- [What you will do]: Your task is to extract every entry that follows word for word while excluding the pictures.

Content starts

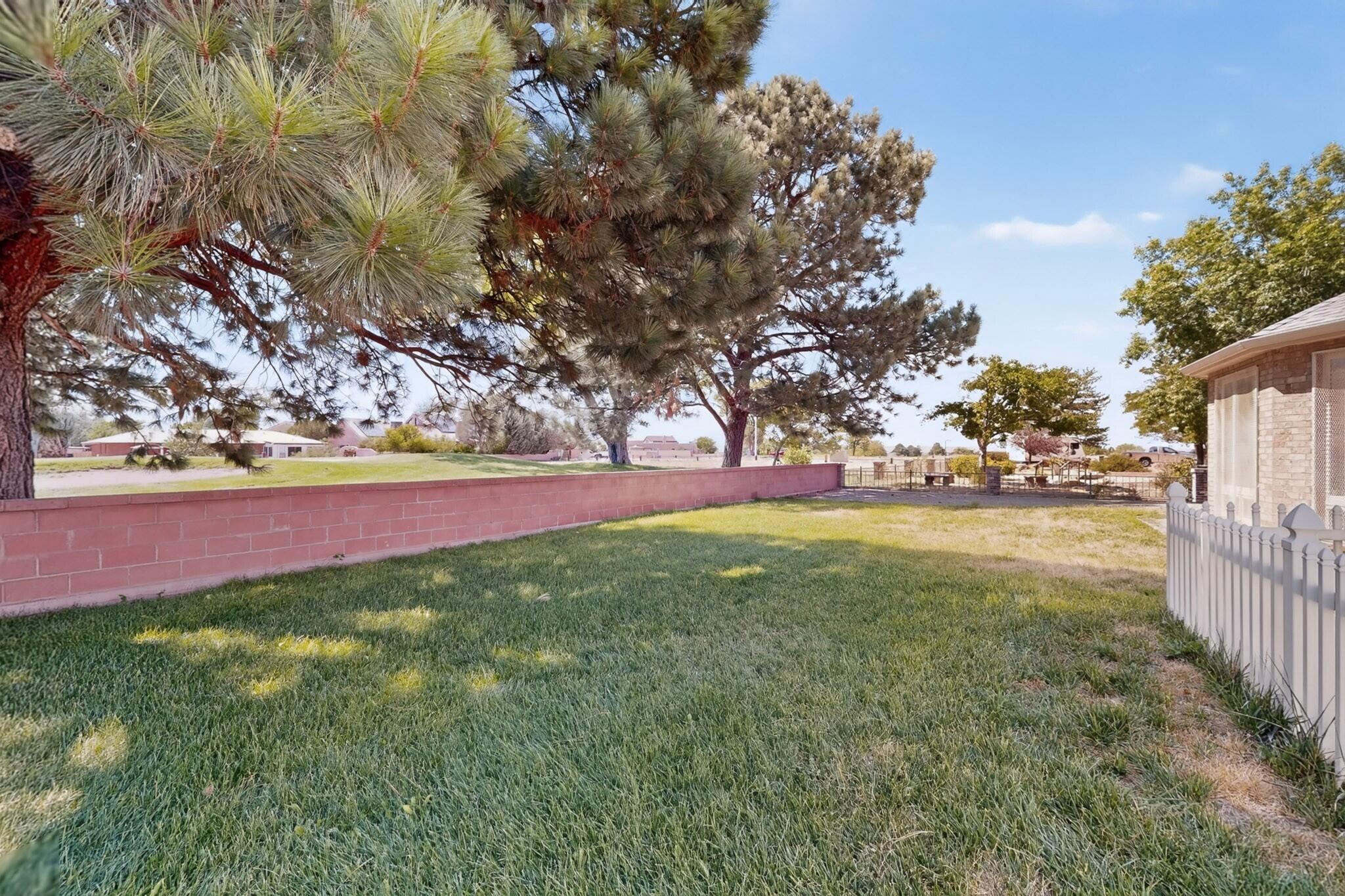 Photo 4 — 606 Willowbrook Lane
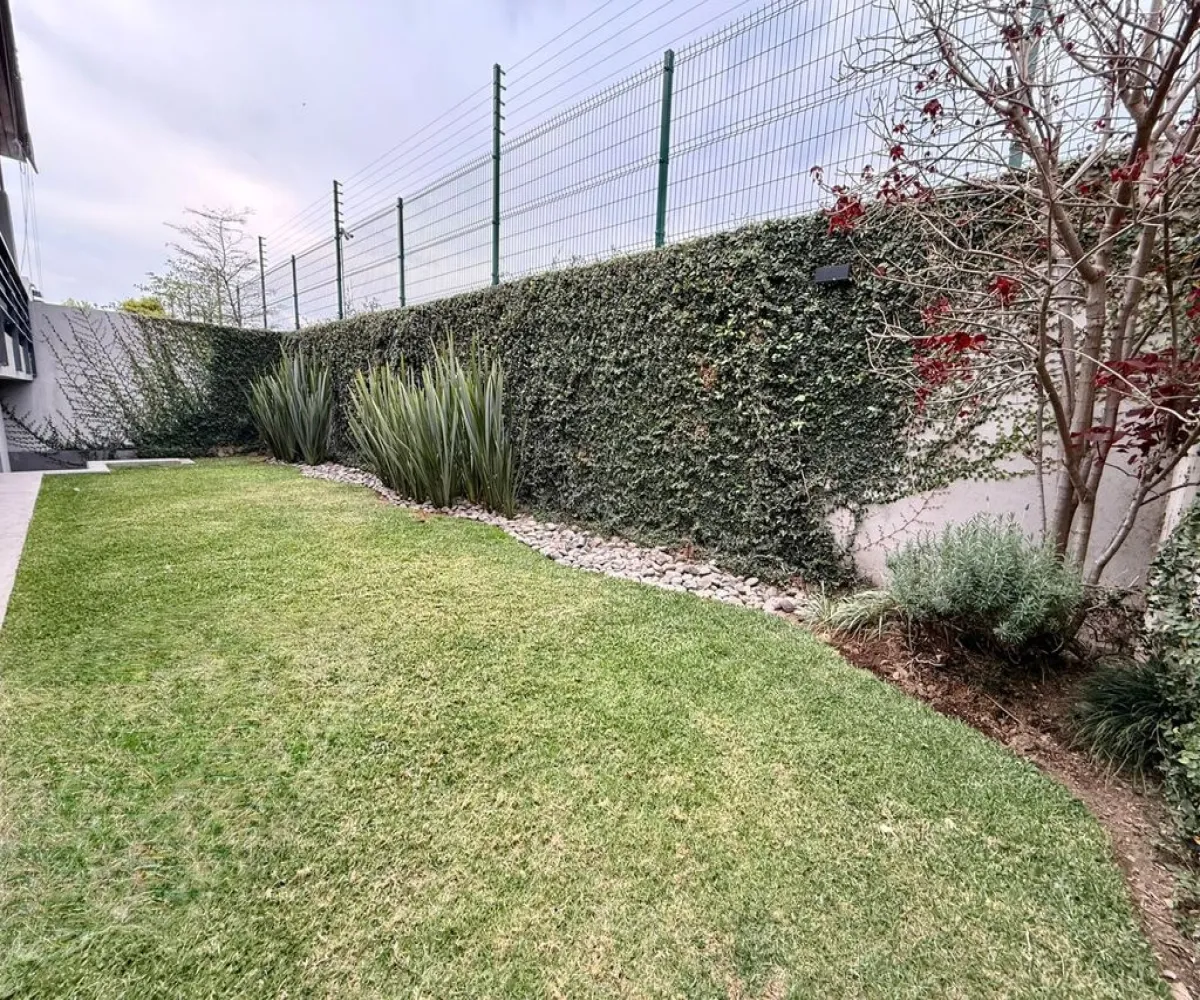 Casa En Venta,San Juan de Ocotán,Avenida Vallarta Eje Poniente 2701, Zapopan, Jalisco 45019, 3 Habitaciones,5 Baños,Avenida Vallarta Eje Poniente,3,pnMtMiN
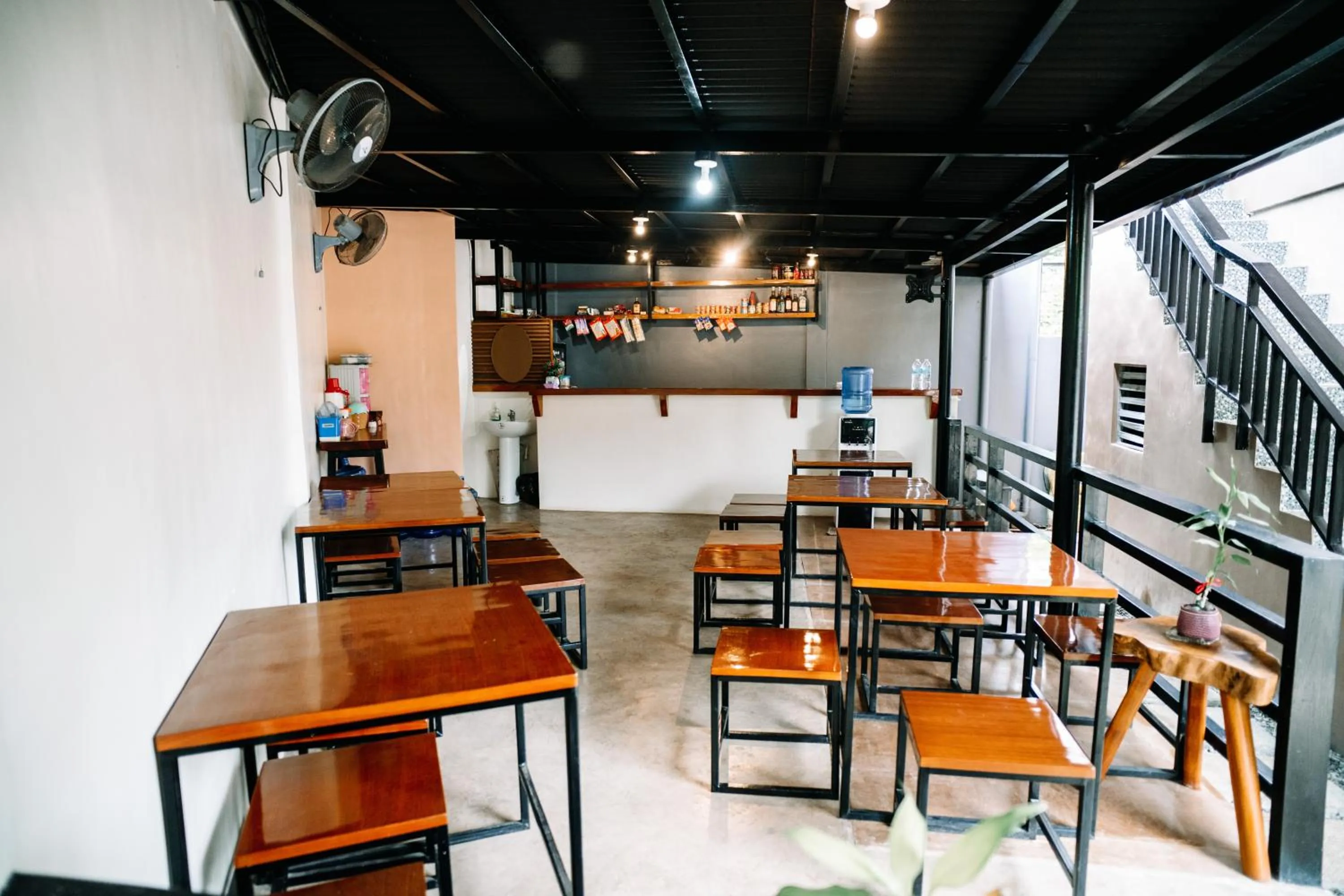 Restaurant/places to eat in Alona Princess Suites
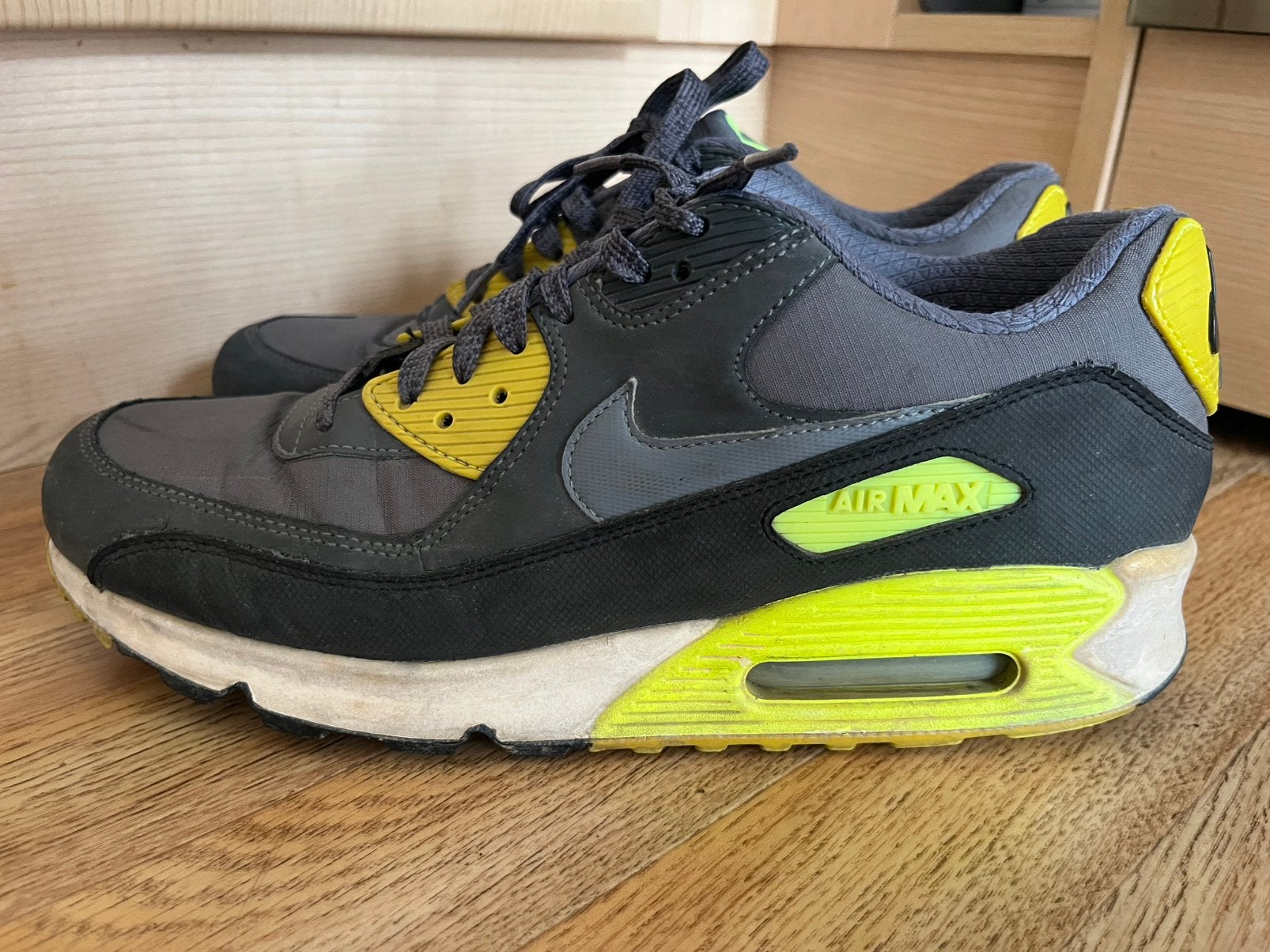 Nike Air Max 90 Essential Grey Volt maat 43, Kleding | Heren, Ophalen of Verzenden, Gedragen, Sneakers of Gympen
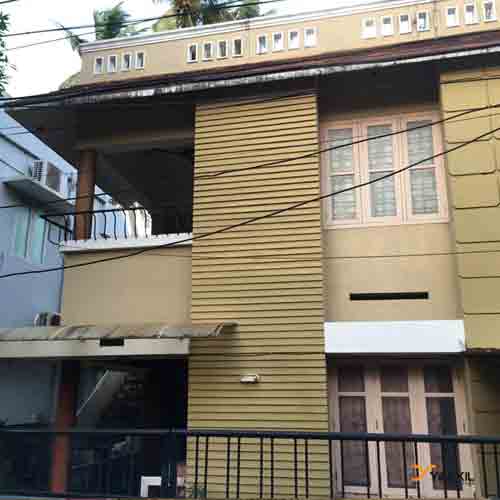 4BHK For Sale in Thottam Kamaleswaram  Trivandrum 2500 Sq ft. This beautiful two-story building is a spacious and well-designed home, spanning an area of 2500 square feet.
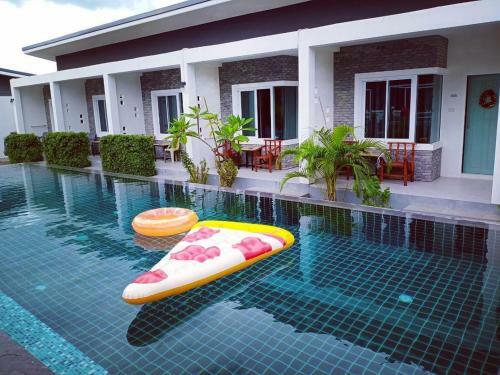 Hotel Phangan Hometown Resort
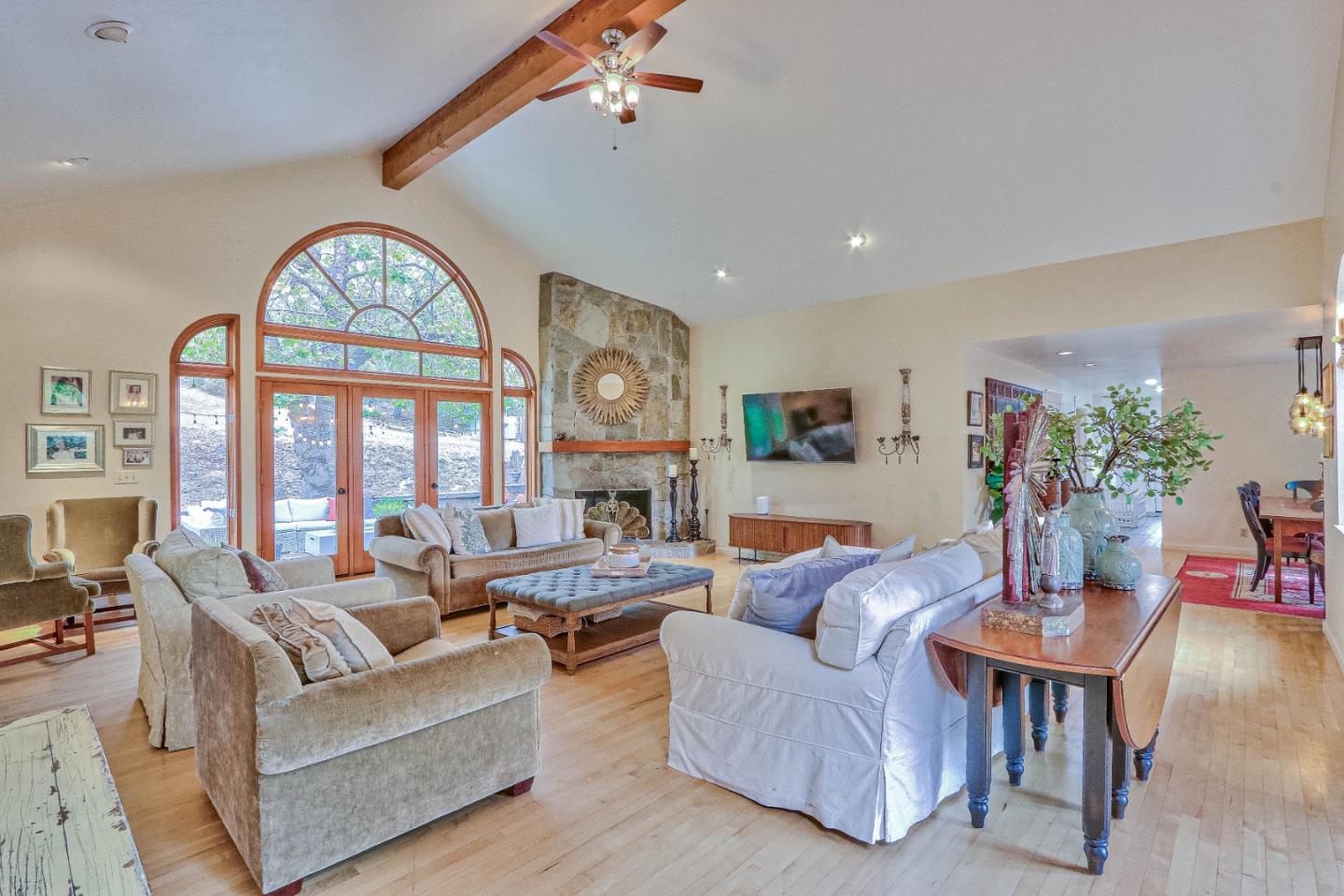 Detail Gallery Image 6 of 27 For 180 San Benancio Rd, Salinas,  CA 93908 - 4 Beds | 3 Baths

Content ends

- [Exercise result]:
 Photo 4 — 606 Willowbrook Lane
 Casa En Venta,San Juan de Ocotán,Avenida Vallarta Eje Poniente 2701, Zapopan, Jalisco 45019, 3 Habitaciones,5 Baños,Avenida Vallarta Eje Poniente,3,pnMtMiN
 Restaurant/places to eat in Alona Princess Suites
 Nike Air Max 90 Essential Grey Volt maat 43, Kleding | Heren, Ophalen of Verzenden, Gedragen, Sneakers of Gympen
 4BHK For Sale in Thottam Kamaleswaram  Trivandrum 2500 Sq ft. This beautiful two-story building is a spacious and well-designed home, spanning an area of 2500 square feet.
 Hotel Phangan Hometown Resort
 Detail Gallery Image 6 of 27 For 180 San Benancio Rd, Salinas,  CA 93908 - 4 Beds | 3 Baths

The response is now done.